Cooling the wine is tricky: you have to cool it "through" the bottle. How do the thermal properties of glass affect things? For example, is it even "worth" cooling the glass quickly?

What, really, cools things in a freezer? (Say, the bag of vegetables there.) In fact, is it the air? Or in reality is it just the other small surfaces (the racks, etc.?) If it was floating in a perfect vacuum, would it cool at all?

Answer 1

In part A, the bottle in the water will cool slower because you must remove the heat from the water and the wine. The bottle on the shelf will cool faster because all you have to cool is the wine.

In part B, if you have water with a touch of salt, it will not freeze at zero Celsius and the water will remove the heat from the wine faster, the larger surface area of the water coupled with some evaporation that cools the water will cause it to cool significantly faster than the dry bottle on the shelf.

In a third scenario you didn't consider, which I believe is the fastest way to chill a bottle of wine, you wrap a bottle in a very damp rag and place it in the freezer. The water in the rag will begin to evaporate and draw the heat out of the bottle quite quickly between evaporation and convection.

The evaporation concept is utilized all over the world in cooling towers and water chillers. Water is heated by cooling something else, then the hot water is pumped to the cooling tower where it falls through a cascade medium that breaks it up into small droplets which loose heat through evaporation. They want small droplets because it increases the surface area of the water volume and causes more evaporation. More evaporation, more heat lost through the phase change. Efficient cooling towers are capable of chilling water below ambient air temperatures.

Drew K

Answer 2

Liquid water has a few interesting properties that we need to discuss before answering your questions.

1) It has a high specific heat compared to most things on Earth. Specific heat is a measure of how much energy it takes to heat or cool a fixed amount of the material and has SI units of $\frac{J}{gK}$. Water's specific heat is about $4.2\frac{J}{gK}$ while wine's, at $14\%$ alcohol by volume, is about $4\frac{J}{gK}$.

2) It also has a pretty high thermal conductivity. Thermal conductivity is a measure of how fast energy moves from the warm side to the cold side of an object, and it has units of $\frac{W}{mK}$ (remember, Watts are Joules per second). It turns out this is a super complicated calculation in reality (materials have different conductivities in different directions), but this is a good approximation for this problem.

3) Thermal contact between objects is also quite complicated.
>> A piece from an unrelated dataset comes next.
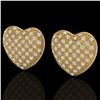 Image 1 : 1.50 ctw Micro Pave VS/SI Diamond Heart Earrings 14k Yellow Gold - REF-110R4K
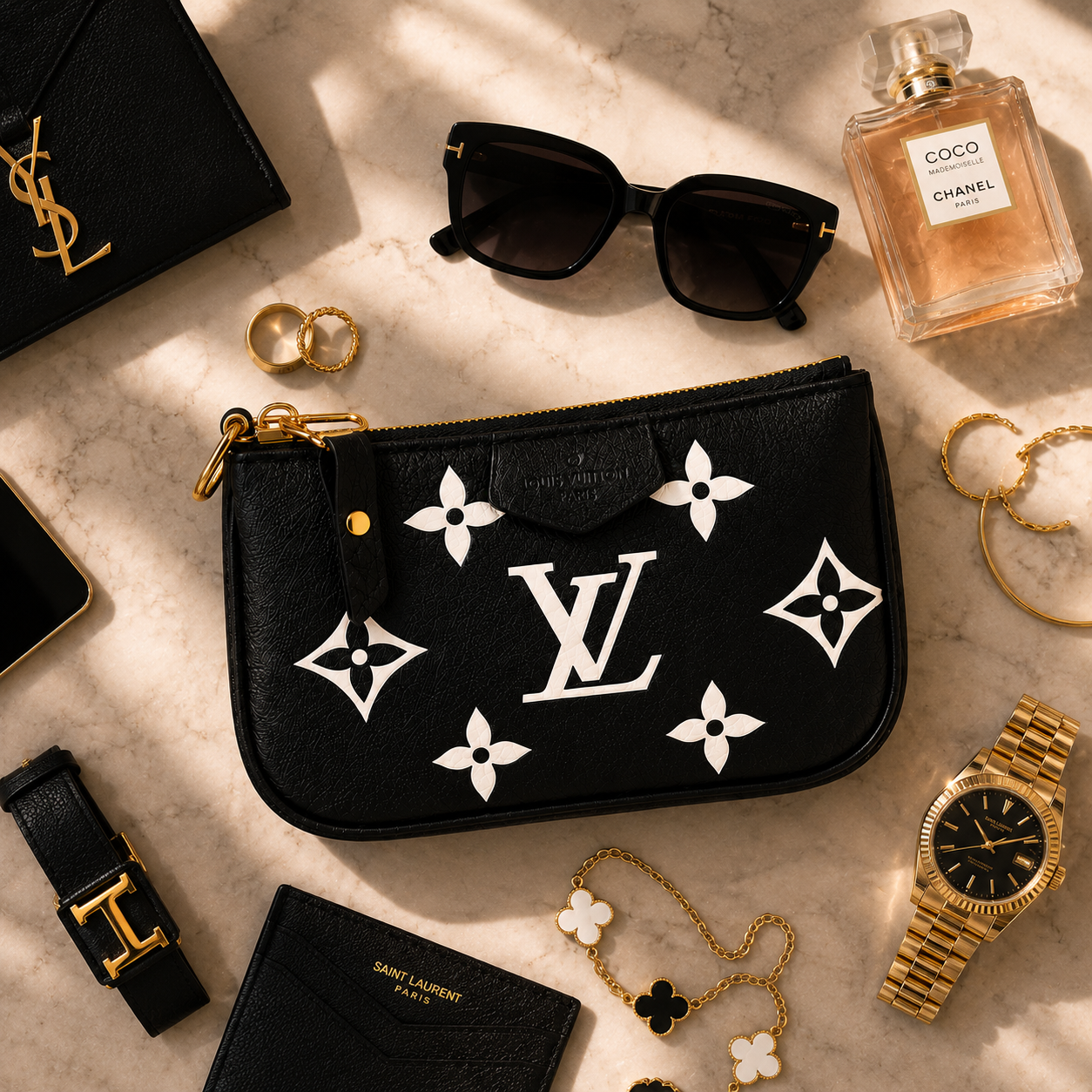 A black leather Louis Vuitton pouch with white monogram prints is styled in a luxury flat-lay arrangement on a beige marble surface, surrounded by designer accessories including sunglasses, a Chanel perfume bottle, a Saint Laurent card holder, and gold jewelry.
Broadly, objects thermally interact by radiating, conducting and convecting (forced and natural). 3a) Radiation happens all the time, and it's how the Sun gets heat to the Earth - all objects emit photons in every direction at a wavelength consistent with the their temperature. Radiation is related to surface area. 3b) Conduction is when two objects are in physical contact and they share energy at their interface. Conduction is also related to the surface area. 3c) Convection is when a fluid moves over the surface of a solid (or when a gas moves over the surface of a liquid). If a solid has a vertical interface with a fluid, the boundary layer of the fluid will move up if the solid is hot and down if it's cold which is called natural convection. Forced convection is when currents in the fluid move over the surface (as with a fan, a breeze or a flow). Convection scales with the surface area of the interface.

All three of these are pretty complicated which is why you've received so many answers that feel like educated guesses. Last, until the whole bottle reaches thermal equilibrium, the freezer will be colder than the glass which is colder than the wine.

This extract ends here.